Through some aberration in the fabric of the universe, my husband has begun receiving a year’s subscription to GQ. As my spouse’s normal attire is a pair of old jeans and a gray Champion hoodie, and his cold-weather-to-warm-weather transition is to switch from long sleeves to short sleeves, this gift in our mailbox is akin to Elton John receiving a subscription to Juggs. (For the record, I’m no fashion plate either.)
But since I cannot resist a peek into what poses as a male-oriented periodical when I’m tossed into the same room with one (my favorite is Maxim), I started reading it.
I thought women’s magazines were bad! Holy crow. I couldn’t get past the advertising. These two guys in the Calvin Klein spread (above) look like a cross between Frankenstein’s monster and the guy on the cover of Atlas Shrugged. The guy on the right’s intent stare could melt glass, and there is so much product in vertical sculpture of his hair that he better not get too close to an open flame, lest he reenact Michael Jackson’s Pepsi ad. The dude on the left looks like he’s having a very intense discussion with himself about whether he left the iron on.
There’s an entire novel going on in the Gucci spread. Sorry, I couldn’t find the full image in all of its ambiguous glory, so you’ll have to take my word for it. A clean-shaven young man with knife-edged cheekbones has his eyes downcast and leading off the page. Perhaps he is holding back tears. Apparently, these tears are because the dramatically-posed stick insect of a female model standing in the center of the spread does not return his intense feelings of love. She presses one hand to her temple as if she has a horrible headache. Perhaps this was caused by the overzealous aesthetician who removed all the hair from her head. A finger covers an eyebrow. Maybe the waxer got to that one before she decided the Sinead O’Connor-meets-Mona-Lisa-look was probably not the best career move for her head shape. At the right is a man in a tightly fitted, shiny suit, sitting cross-legged in a way that tightly fitted, shiny suits do not normally permit. Another woman, who has hair on her head but apparently is wearing a horse’s mane as a top, leans over him and whispers in his ear. What that is we may never know, but this guy isn’t having any of it. He continues to stare at the shiny fabric covering his left calf as if it contains the secrets of the universe and the location of Jimmy Hoffa’s remains.
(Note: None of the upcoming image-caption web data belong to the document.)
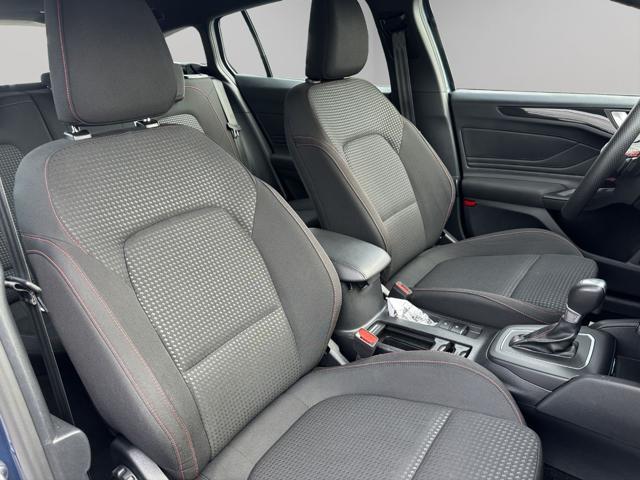 FORD Focus 1.0 EcoBoost Hybrid 125 CV Powershift SW ST-Line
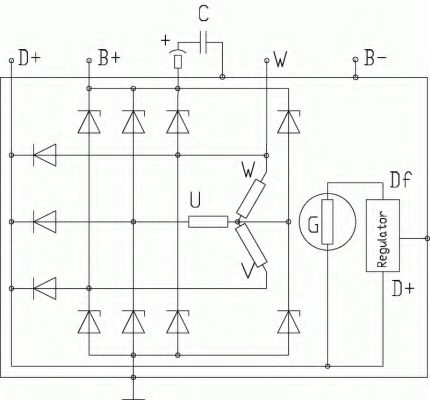 Alternator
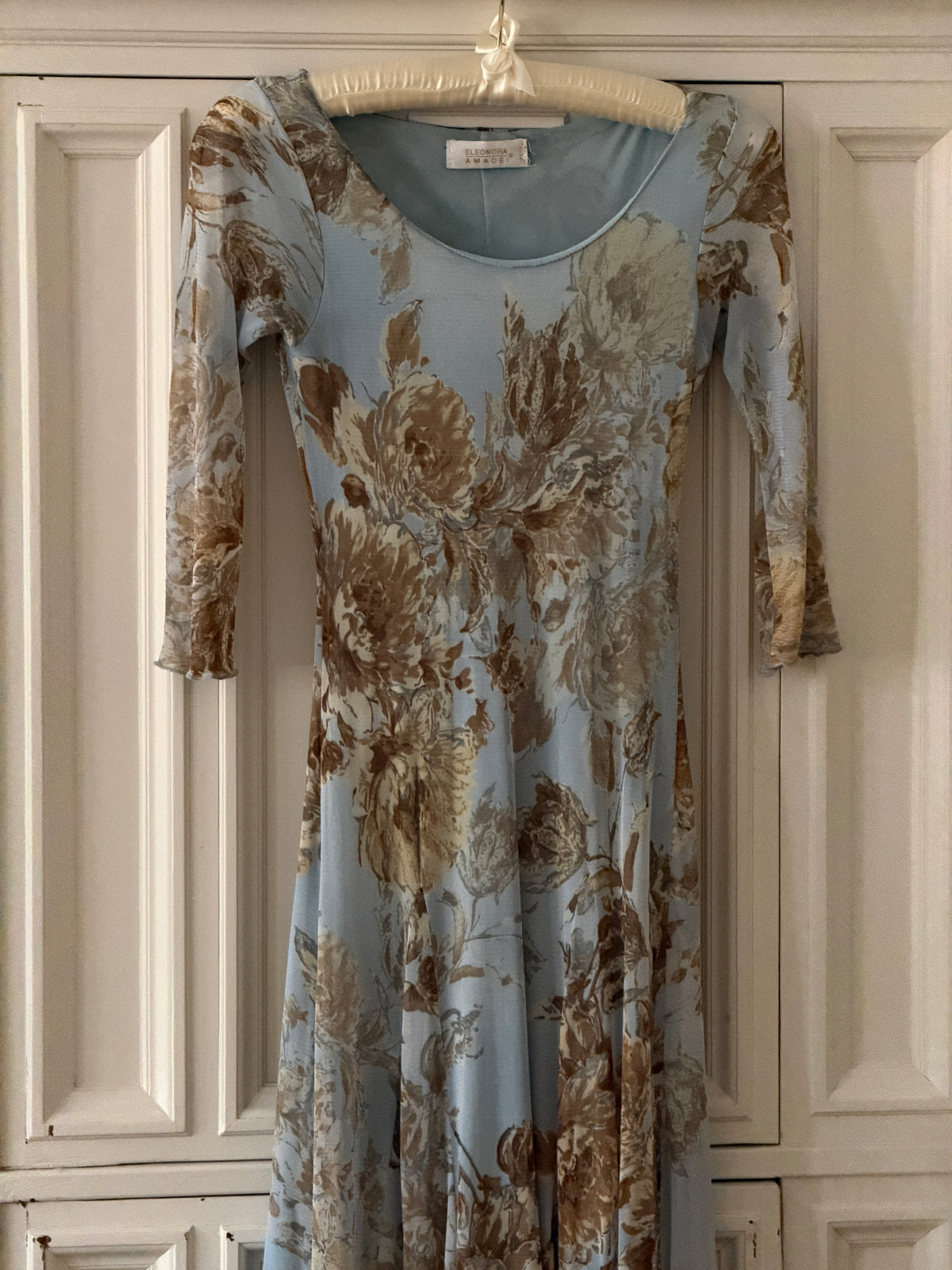 Floral Midi Dress (s)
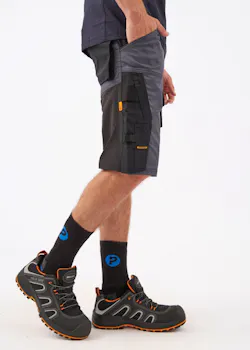 Snickers Workwear AllroundWork, Stretch Korte Broek 6143 miniatuur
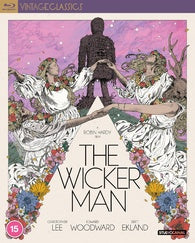 The Wicker Man (Studio Canal) 50th Anniversary - 4K UHD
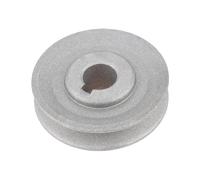 Generico 45mm-120mm Macchina da Cucire Industriale in Alluminio Timing Transfer Wheel Puleggia Frizione Lenta velocità Riducendo Il Multi Formato(60mm)
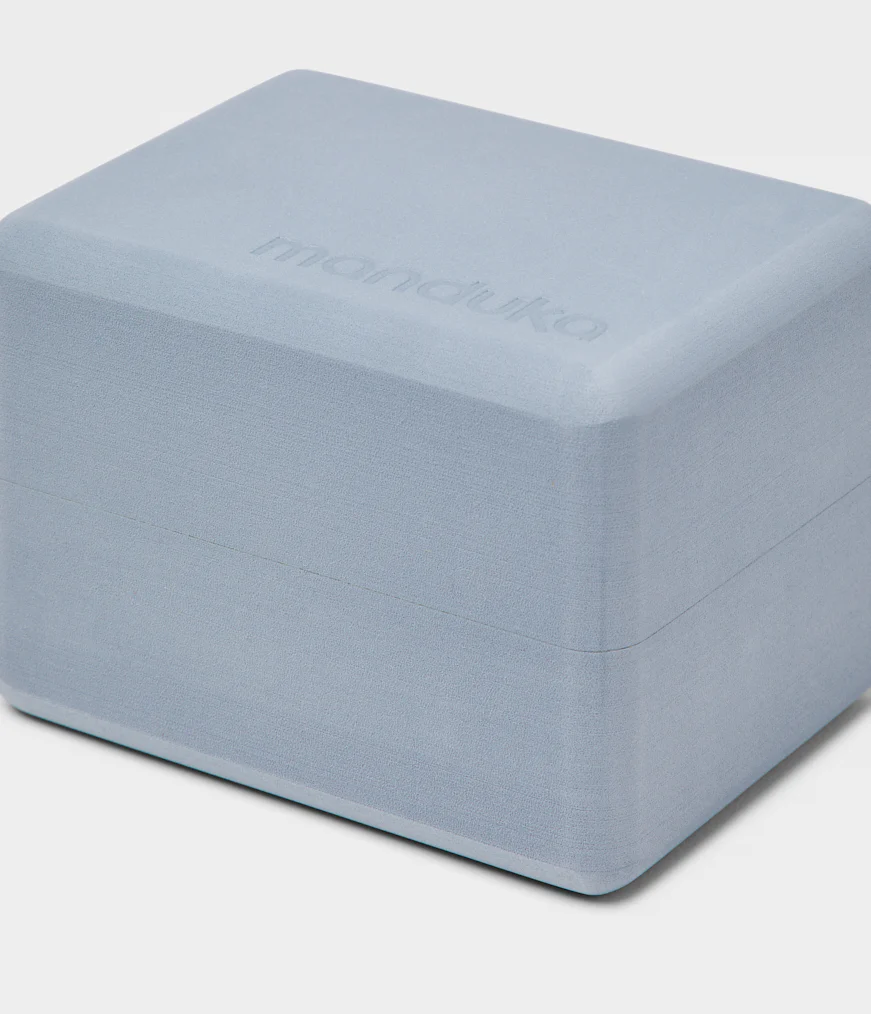 Recycled Foam Yoga Mini Travel Block - Image 38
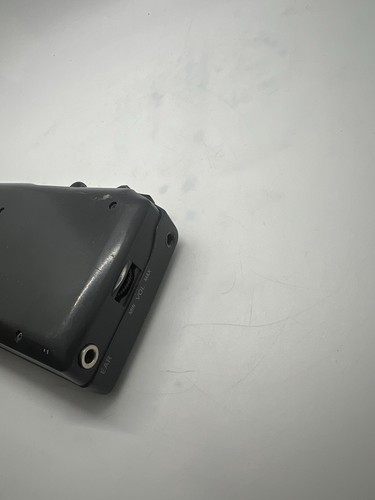 Sanyo TRC-570M Black Talk-Book 2 Speed Voice Activated Microcassette Recorder - Picture 15 of 15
But what really made my day was this Dolce & Gabbana spread (top). As I’ve said, I’m tragically out of the loop when it comes to fashion, but I didn’t see anything in this ad that resembled fashion. It’s a black-and-white spread featuring seven guys involved in a very intense game of tug-of-war. We do not see against whom they are tugging. Maybe the guys in the Calvin Klein ad. They look like inmates from a Turkish prison, and all have varying degrees of facial hair and lengths of fabric torn off their white pants. The one in the front looks vaguely like Barack Obama scolding John Boehner. They dig their feet-all wearing oxfords, some without laces-into the sand. At the bottom left of the spread, looking off the page, is a small black dog that looks seriously underfed. I do not understand the significance of the dog, and this disturbs me. Meanwhile, I draft in my head a novelization of the ad, a cross between The Great Gatsby, The Dirty Dozen, and Midnight Express.
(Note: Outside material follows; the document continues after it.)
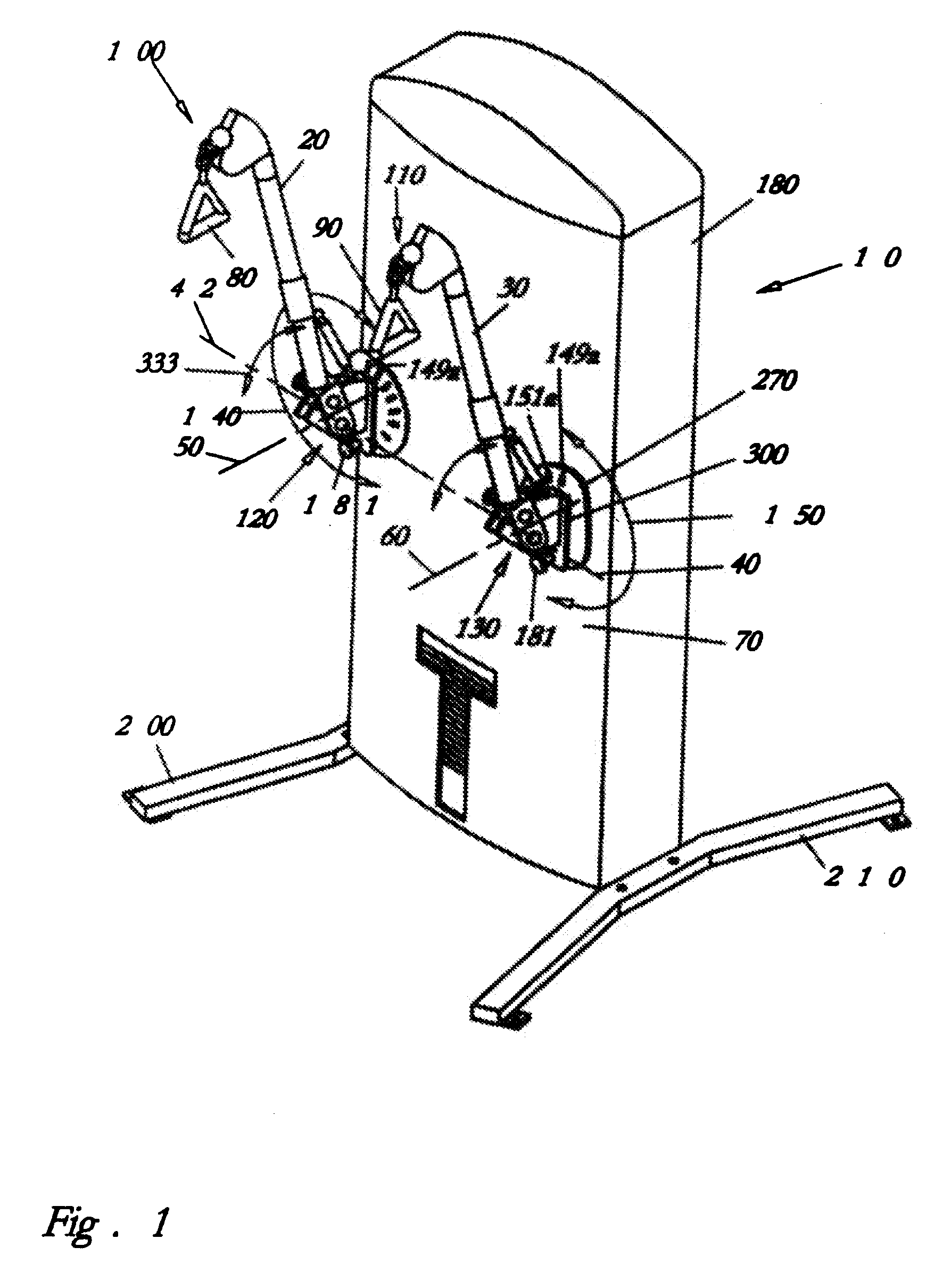 Functional trainer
This intense focus on creating a context for the products confuses me just about as much as the context itself. I know what the ads in women’s magazines are trying to express-they’re attempting to make us feel uncomfortable and insecure about our bodies and beauty so that we will continue buying their products and the magazines. I don’t know what the hell the GQ ads are trying to do. Maybe you men out there can help me. Do you buy these magazines? What do you think about the advertising? And what is the point of the dog?
The male-oriented magazine ads are almost as obscure as the male-oriented (and, some of the female-oriented) TV ads.